10 - Il Gioco Del Destino

Comincia dall'inizio

Come spesso le accade quando è tesa, attorciglia tra le dita paffute i ricci che le ricadono sulla fronte, gesto che fa inconsapevole e che si porta dietro sin dalla più tenera età, quando ancora di indole gentile portava i capelli lunghi e intrecciati.

"Zack, tra qualche minuto siamo arrivati a scuola, perciò se hai bisogno di scambiare due parole senza che ascoltino orecchie indiscrete, devi farlo adesso."

Jay sa di essere stata rude nella sua schiettezza, ma conoscendo l'amico gli è parsa la soluzione più adatta a spronarlo al dialogo. Le sue parole in effetti colpiscono nel segno; Zack di colpo si irrigidisce.

"Ho fatto un casino, Jay" sputa fuori. "Ho troppa vergogna di me per parlartene."

"Ah..."
E adesso?
Jay non sa che dire, spiazzata com'è dalla confidenza; si stringe nella sua giacca rossa intanto che Zack, in reazione alla sua incertezza, incassa la testa sulle spalle, celando la smorfia di sofferenza sotto al colletto del giubbotto.

"È proprio irrecuperabile questo casino?" chiede, in un secondo momento.

Lui, sempre dietro alla barriera del vestiario: "Forse."

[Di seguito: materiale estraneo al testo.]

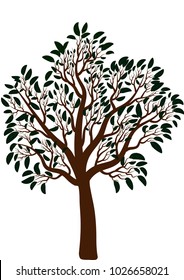 tree with leaves summer vector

"Ha a che fare con la scoperta che sei Alpha?"

"In parte."

Percependo il tono funesto nella sua risposta, Jay reprime un secondo e inutile ah.

Che accidenti hai combinato, Zackary Satter?

Anche quella domanda le resta appesa alla bocca; Zack ha di colpo accelerato il passo, facendo capire chiaramente che non darà altre spiegazioni a riguardo.

Non si parlano più, camminano in fila indiana fino a che, alla cancellata già aperta, lo sciame di studenti li separa del tutto.
A testa bassa Jay sale a due a due le scale dell'ingresso e una volta dentro la grande sala lascia che il pilota automatico nel cervello la conduca in classe.
Zack, invece no. Dopo avere approfittato del momento di caos per far perdere le sue tracce all'amica, anziché prendere il corridoio alla sua sinistra come lei e poi salire le solite due rampe di scale, sgattaiola in quello a destra, dove per il minor via vai di persone guadagna da subito qualche occhiata interrogativa degli inservienti.

Biblioteca, sala audio, sala riunione, segreteria...
Con il cuore galoppante il ragazzo legge le etichette alle porte, una dopo l'altra, augurandosi di non incappare in nessun professore che gli voglia dare noie.

Va tutto bene, riesce a raggiungere indenne la meta: l'aula insegnanti numero tre.
La porta è aperta, non si sente un solo rumore. Se fosse vuota di questo Zack non si stupirebbe; manca poco all'inizio della prima ora, i docenti si sono recati presso le proprie classi e per trovarsi quelli dell'ora successiva è in teoria troppo presto.

Forza, Zack! Un'occhiata veloce e fili via, si incoraggia.

Basterà addentrarsi veloce e con passo furtivo, pensa, dritto verso il posto di James.

Sarà la cosa giusta? Se la caverà, James, senza quelle pillole?

Sì convince di sì, che la cosa giusta è restituire ciò che ha rubato a suo padre.
Sa bene che ricucire col genitore, dopo la lite di quel mattino, non sarà impresa facile, ma intende rimediare al danno che gli ha fatto e il recupero delle pillole gli sembra il metodo più veloce ed efficace.

Un paio di occhiate in giro: tutto tranquillo. Se poi ci sarà dentro qualcuno, beh, reciterà la parte dello studente ritardatario che chiede di poter consegnare il compito sulla scrivania del professor Foster.
Prende perciò qualche foglio a caso dallo zaino, si concentra sul proprio respiro e varca la soglia.